---------- Source material
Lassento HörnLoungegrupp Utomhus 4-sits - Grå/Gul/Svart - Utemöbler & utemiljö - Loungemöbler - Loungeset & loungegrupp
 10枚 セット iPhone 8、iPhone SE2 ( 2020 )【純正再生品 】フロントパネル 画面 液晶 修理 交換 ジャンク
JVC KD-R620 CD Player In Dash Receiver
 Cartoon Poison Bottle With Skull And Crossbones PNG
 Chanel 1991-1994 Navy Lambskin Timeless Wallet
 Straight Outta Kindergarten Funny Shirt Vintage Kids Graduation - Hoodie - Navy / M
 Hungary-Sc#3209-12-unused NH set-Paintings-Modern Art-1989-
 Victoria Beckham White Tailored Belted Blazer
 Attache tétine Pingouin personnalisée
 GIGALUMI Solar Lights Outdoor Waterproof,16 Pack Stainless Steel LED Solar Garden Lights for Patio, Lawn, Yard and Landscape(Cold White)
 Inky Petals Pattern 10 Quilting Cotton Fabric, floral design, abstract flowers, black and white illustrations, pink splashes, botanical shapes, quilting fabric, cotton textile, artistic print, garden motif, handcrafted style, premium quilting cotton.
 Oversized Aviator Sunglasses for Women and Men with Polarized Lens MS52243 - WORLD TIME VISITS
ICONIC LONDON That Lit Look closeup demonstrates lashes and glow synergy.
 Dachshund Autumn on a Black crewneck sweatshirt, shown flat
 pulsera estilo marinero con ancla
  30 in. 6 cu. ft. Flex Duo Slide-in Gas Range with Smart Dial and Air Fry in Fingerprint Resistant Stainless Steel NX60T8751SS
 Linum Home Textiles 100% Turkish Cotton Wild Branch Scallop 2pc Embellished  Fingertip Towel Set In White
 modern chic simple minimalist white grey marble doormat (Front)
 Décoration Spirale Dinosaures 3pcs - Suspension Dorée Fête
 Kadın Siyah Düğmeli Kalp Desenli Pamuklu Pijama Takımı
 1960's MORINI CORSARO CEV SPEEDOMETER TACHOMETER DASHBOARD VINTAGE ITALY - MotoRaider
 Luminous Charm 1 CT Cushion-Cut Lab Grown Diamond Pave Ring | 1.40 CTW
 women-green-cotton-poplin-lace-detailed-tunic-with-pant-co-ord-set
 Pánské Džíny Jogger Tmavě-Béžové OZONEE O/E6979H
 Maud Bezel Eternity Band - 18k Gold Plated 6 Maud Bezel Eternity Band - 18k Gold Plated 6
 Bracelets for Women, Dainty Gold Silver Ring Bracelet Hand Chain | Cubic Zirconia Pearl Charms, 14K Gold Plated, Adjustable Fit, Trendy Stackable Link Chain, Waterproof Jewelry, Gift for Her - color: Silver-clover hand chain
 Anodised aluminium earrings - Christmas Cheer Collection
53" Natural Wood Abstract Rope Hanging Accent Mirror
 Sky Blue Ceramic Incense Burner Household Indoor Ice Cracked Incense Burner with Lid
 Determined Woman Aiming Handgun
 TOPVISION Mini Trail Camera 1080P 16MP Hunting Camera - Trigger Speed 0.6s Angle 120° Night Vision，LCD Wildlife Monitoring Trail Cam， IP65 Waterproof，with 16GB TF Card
--------------------
## What the task requires
Look above for the line with "10枚 セット iPhone"; retype exactly that line, every line after it up to the line with "Attache tétine Pingouin personnalisée", and that line too, nothing else.

## Answer
 10枚 セット iPhone 8、iPhone SE2 ( 2020 )【純正再生品 】フロントパネル 画面 液晶 修理 交換 ジャンク
JVC KD-R620 CD Player In Dash Receiver
 Cartoon Poison Bottle With Skull And Crossbones PNG
 Chanel 1991-1994 Navy Lambskin Timeless Wallet
 Straight Outta Kindergarten Funny Shirt Vintage Kids Graduation - Hoodie - Navy / M
 Hungary-Sc#3209-12-unused NH set-Paintings-Modern Art-1989-
 Victoria Beckham White Tailored Belted Blazer
 Attache tétine Pingouin personnalisée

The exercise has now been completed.